Dr. Vijai S Shankar MD.PhD.
Published on www.academy-advaita.com
03th August 2010
Every man and woman becomes harnessed in their life-time to driving questions such as ‘why?’, ‘how?’, ‘when?’. Such questions acquire urgency and are powered by determination and ambition – classic hallmarks of ego – determination to know and ambition to succeed.
Life becomes a competition in which time becomes a major determinant – a race against time, one might say. Few would deny that this is so.
In order to relieve himself or herself from the stress of such a way of life, man, not surprisingly, searches for remedies. There is no shortage of those on offer, most respected among them being knowledge.
Knowledge is the hallmark of a sophisticated human mind, with conditioned, driving questions such as ‘why?’, ‘how?’, ‘when?’. Wisdom, on the other hand, is the hallmark of an enlightened being. What is the principle difference that sets these two entities apart?
A knowledgeable mind is not contented every moment of life because the mind thinks it makes life happen. A wise man is contented every moment, because he realises that man is not the doer and that life happens timelessly in the moment without the help of the mind.
Man believes that wisdom is many gears higher than knowledge. If so, could man determine the amount of knowledge required to become wise? He could not, for knowledge can never visualise the limit that should be surpassed to attain wisdom.
Wisdom, though, will not attempt to measure the limits of knowledge that could reveal wisdom, for the simple reason that limits do not exist for the wise.
Limits are boundaries created by logic.

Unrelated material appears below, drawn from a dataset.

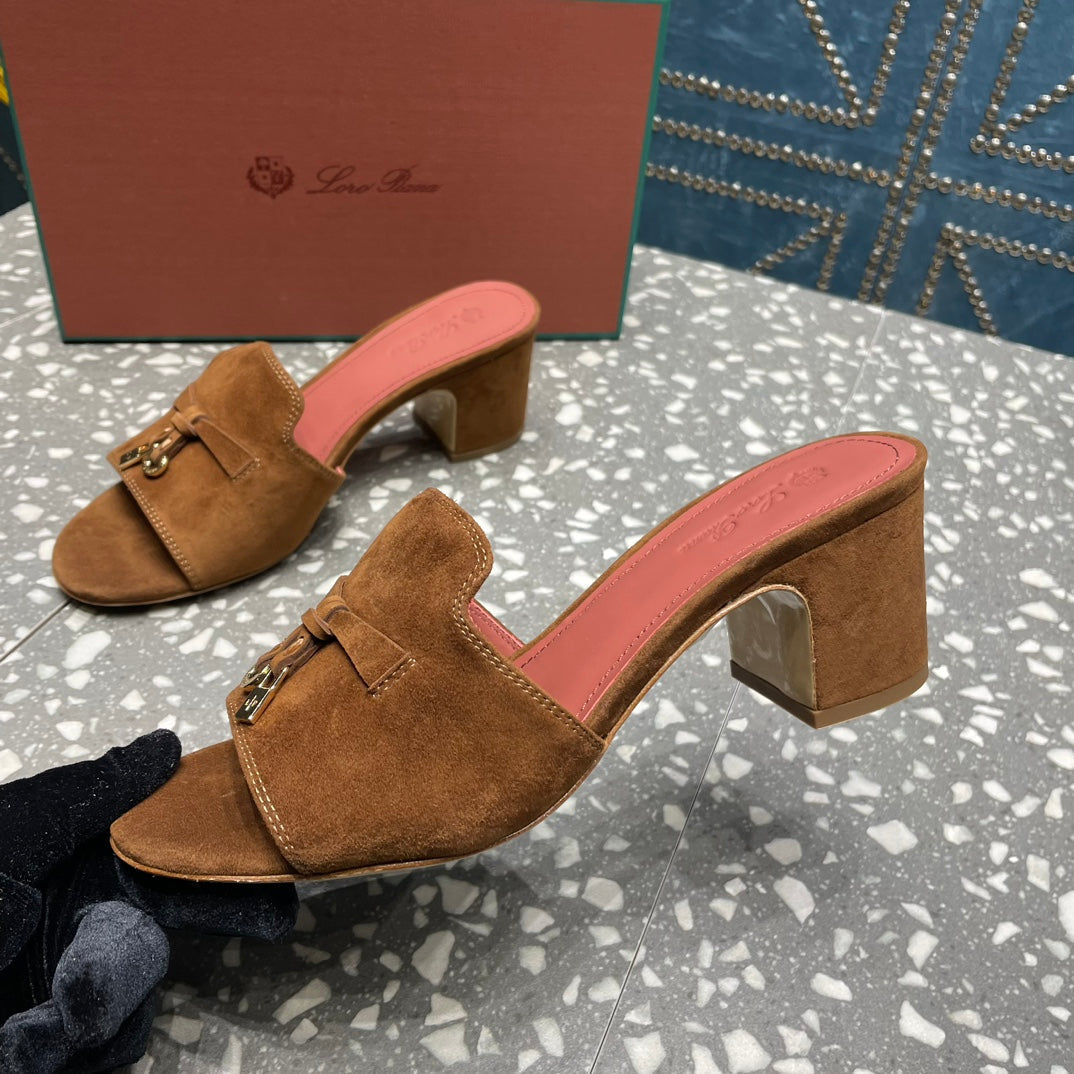 Summer Charms Mules 80 Brown Suede Salmon Lambskin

Duality is the boundary of knowledge. The wise are mystical for logic is illogical to them and hence boundaries do not exist for them.

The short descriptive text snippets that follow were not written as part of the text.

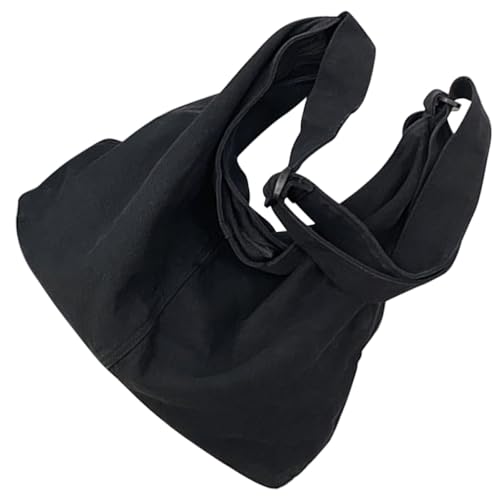 Sac bandoulière grande capacité pour femme | Idéal courses et shopping en toile noire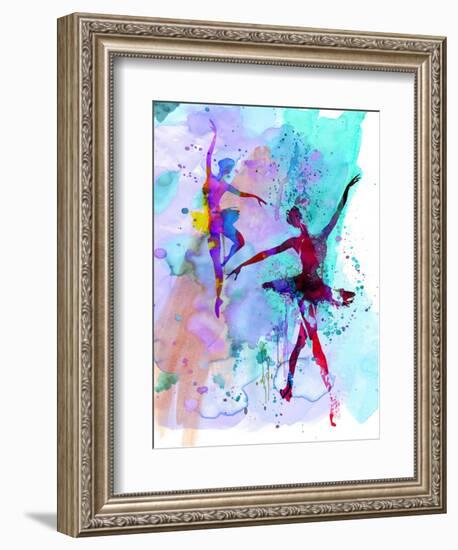 Two Dancing Ballerinas Watercolor 2-Irina March-Framed Art Print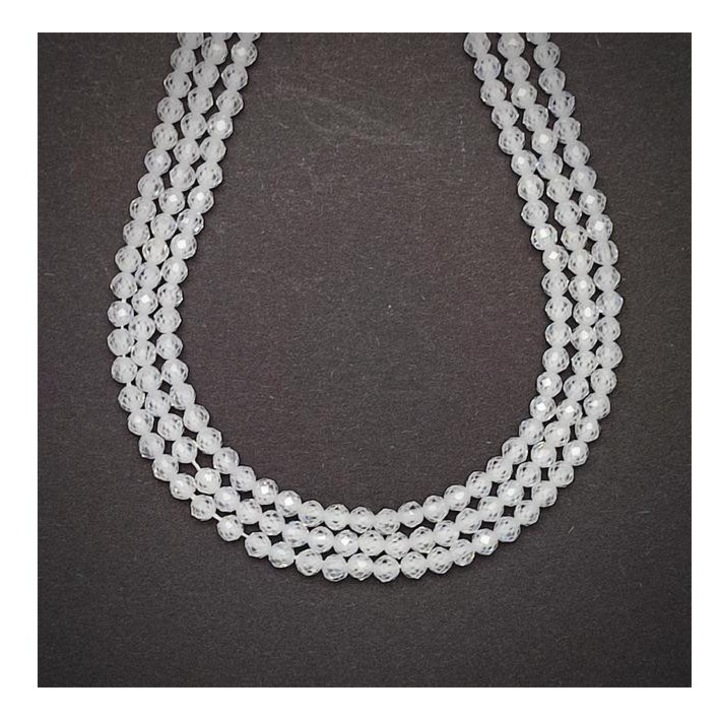 Mărgele minerale zircon, fațetate, albe, mărgele, 4 mm, 1 șir de mărgele pentru confecționarea bijuteriilor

Man, however, has come to respect boundaries as the measure of his life. A Greek philosopher once declared that ‘man is the measure of all things’. Almost everything in a man or woman’s life is measured logically by the mind.
Knowledge of the measure or the limit provides a relative level of reassurance or comfort.
Knowledge is made up of many words, while words are illusory to the wise, for he realises that words are an auditory illusion of sound. The word ‘happening’ is one of them.
The word ‘happening’ is used by every man and woman, religious men and women, and spiritualists too.
So what does the word ‘happening’ mean to them?
The word ‘happening’ means an action or an event done by man in time. It covers every aspect of man’s life. It is logical, having a definitive cause and a predictable effect in time.
Man needs to understand that time is a thought and an auditory illusion of sound. Life is timeless and thoughtless and, therefore, is beginningless and endless.
Does wisdom convey the same meaning to happening?
It does not, for logic does not operate in wisdom. So what does happening mean to a wise one?
To a wise one happening means a flow and not an action or an event in time. It is a process that is spontaneous, unpredictable and uncontrollable within a moment. In simple terms it means evolution, which sophisticates timelessly.
Man cannot create patterns of behaviour to cover the moment, for life happens in the moment, and time is absent within a moment. Time would be needed to create any behaviour, but life is timeless – so man just cannot be the doer.
Man’s knowledge-based society has set down rules of conduct for its citizens, imposing sanctions for behaviour that is adjudged to be offensive. The rules change over time and vary from culture to culture, but they are essential for any society that values harmonious co-existence.
‘Happening’ is not brought about by man, nor is life a sum of events. Life is a flow, a manifestation by the force and intelligence which life is.
Happening is a singular flow. It is spontaneous, for it happens in the moment, which is timeless. It is uncontrollable, for the moment lacks time and cannot accommodate an individual within it to control. It is unpredictable, for opinions, conclusions or judgments are absent within a moment.
Life is a happening, a process in the moment and not an event in time, because a cut-off point between one moment and the next in the present is absent. Man and mind can neither make the moment nor control it. Life, therefore, is a play of light and sound that projects a process of optical and auditory illusions of happenings in illusory time.